Copy out the listing below exactly, please, and skip any pictures.
BEGIN Exercise data
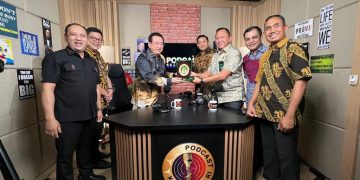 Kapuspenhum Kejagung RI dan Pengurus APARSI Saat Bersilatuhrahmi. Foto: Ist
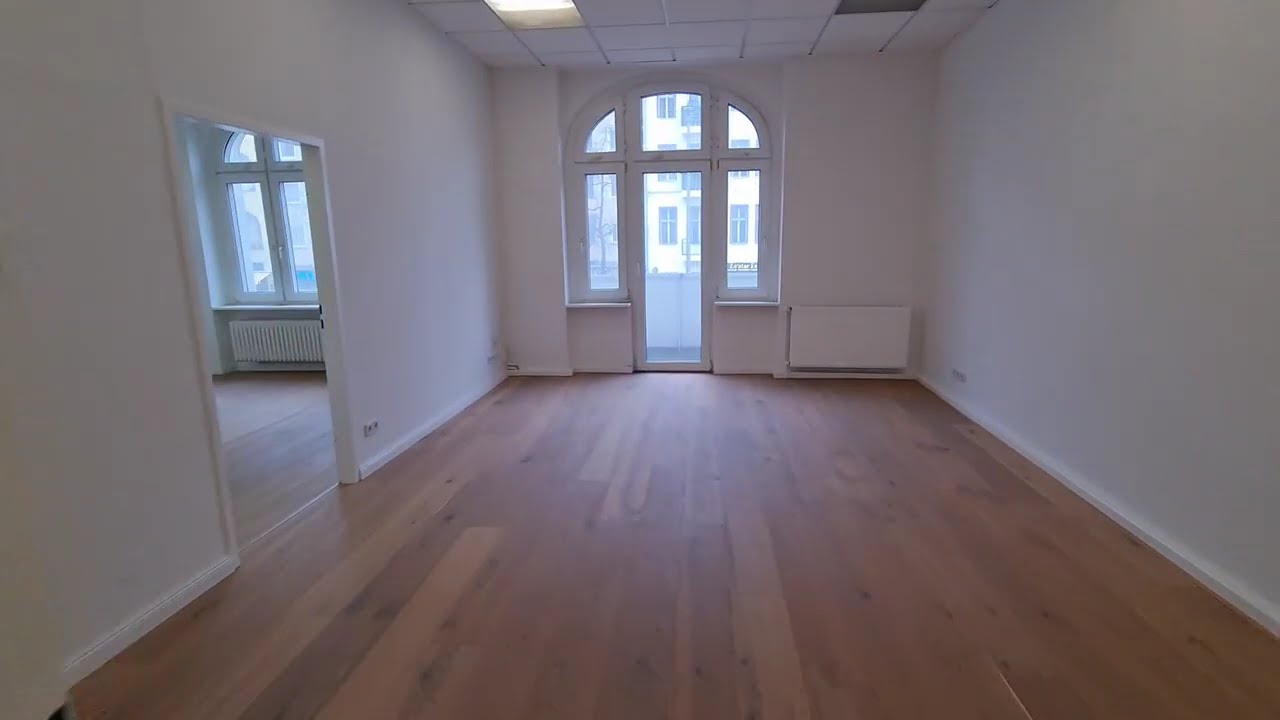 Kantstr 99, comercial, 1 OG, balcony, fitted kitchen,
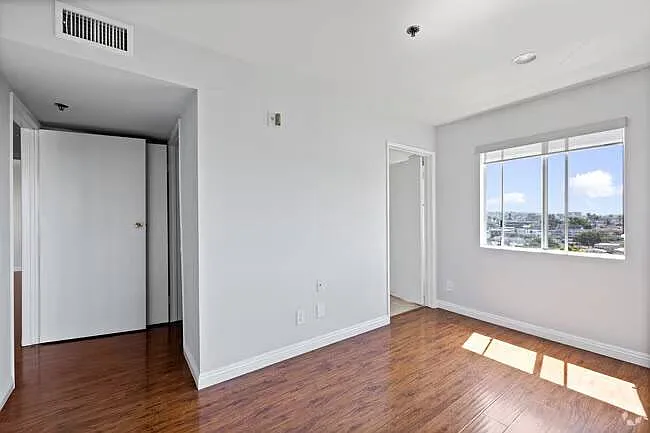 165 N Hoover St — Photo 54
END Exercise data
#### Solution for this problem
 Kapuspenhum Kejagung RI dan Pengurus APARSI Saat Bersilatuhrahmi. Foto: Ist
 Kantstr 99, comercial, 1 OG, balcony, fitted kitchen,
 165 N Hoover St — Photo 54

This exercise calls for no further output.